*Activity:* Would you output the entries below only from the line containing "Contrast Color Crew" through the line containing "неандерталец | примат", exactly as they stand and with both ends included?

*Records for processing:*
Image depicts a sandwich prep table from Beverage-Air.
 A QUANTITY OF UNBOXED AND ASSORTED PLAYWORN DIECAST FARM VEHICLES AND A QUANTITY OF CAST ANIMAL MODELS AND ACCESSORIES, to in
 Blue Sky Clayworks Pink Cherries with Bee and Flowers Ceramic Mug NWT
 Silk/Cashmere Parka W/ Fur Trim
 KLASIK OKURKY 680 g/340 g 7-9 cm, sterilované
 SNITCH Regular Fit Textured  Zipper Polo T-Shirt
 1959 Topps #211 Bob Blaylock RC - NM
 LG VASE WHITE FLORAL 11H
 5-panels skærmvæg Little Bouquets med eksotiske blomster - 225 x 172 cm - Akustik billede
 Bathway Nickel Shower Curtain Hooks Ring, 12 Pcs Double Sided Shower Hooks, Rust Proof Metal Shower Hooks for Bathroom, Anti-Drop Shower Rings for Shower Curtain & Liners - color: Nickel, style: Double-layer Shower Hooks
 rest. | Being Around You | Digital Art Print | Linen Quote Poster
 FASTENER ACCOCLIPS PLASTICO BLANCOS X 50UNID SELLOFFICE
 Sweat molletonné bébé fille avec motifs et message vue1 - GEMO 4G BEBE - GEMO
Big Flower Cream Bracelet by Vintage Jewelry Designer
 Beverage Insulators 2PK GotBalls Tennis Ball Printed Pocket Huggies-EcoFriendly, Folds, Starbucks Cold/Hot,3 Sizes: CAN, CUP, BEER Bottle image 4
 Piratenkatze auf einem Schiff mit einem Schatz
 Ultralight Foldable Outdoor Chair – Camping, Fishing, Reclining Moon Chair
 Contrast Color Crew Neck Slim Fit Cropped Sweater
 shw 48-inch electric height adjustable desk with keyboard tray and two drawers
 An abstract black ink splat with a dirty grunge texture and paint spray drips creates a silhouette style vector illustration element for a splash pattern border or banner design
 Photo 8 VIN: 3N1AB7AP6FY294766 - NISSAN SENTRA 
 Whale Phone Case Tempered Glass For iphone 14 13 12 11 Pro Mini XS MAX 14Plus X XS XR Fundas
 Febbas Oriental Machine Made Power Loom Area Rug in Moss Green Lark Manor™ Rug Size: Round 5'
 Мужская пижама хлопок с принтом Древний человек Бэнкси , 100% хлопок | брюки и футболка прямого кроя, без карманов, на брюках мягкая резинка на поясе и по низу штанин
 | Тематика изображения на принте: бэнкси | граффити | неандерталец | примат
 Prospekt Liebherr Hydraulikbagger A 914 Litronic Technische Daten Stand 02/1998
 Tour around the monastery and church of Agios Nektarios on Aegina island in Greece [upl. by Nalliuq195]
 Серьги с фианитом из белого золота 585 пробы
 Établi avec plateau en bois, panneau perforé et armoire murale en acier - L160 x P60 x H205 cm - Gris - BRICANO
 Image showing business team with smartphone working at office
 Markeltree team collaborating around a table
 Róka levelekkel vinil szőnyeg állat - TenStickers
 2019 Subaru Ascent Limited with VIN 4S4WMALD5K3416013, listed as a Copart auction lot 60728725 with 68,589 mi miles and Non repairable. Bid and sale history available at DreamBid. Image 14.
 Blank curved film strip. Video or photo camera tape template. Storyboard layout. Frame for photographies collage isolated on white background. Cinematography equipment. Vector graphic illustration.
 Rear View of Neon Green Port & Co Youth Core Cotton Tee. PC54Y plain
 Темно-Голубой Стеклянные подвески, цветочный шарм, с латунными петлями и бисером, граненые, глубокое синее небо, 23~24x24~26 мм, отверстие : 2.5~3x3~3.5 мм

*Solution to this task:*
 Contrast Color Crew Neck Slim Fit Cropped Sweater
 shw 48-inch electric height adjustable desk with keyboard tray and two drawers
 An abstract black ink splat with a dirty grunge texture and paint spray drips creates a silhouette style vector illustration element for a splash pattern border or banner design
 Photo 8 VIN: 3N1AB7AP6FY294766 - NISSAN SENTRA 
 Whale Phone Case Tempered Glass For iphone 14 13 12 11 Pro Mini XS MAX 14Plus X XS XR Fundas
 Febbas Oriental Machine Made Power Loom Area Rug in Moss Green Lark Manor™ Rug Size: Round 5'
 Мужская пижама хлопок с принтом Древний человек Бэнкси , 100% хлопок | брюки и футболка прямого кроя, без карманов, на брюках мягкая резинка на поясе и по низу штанин
 | Тематика изображения на принте: бэнкси | граффити | неандерталец | примат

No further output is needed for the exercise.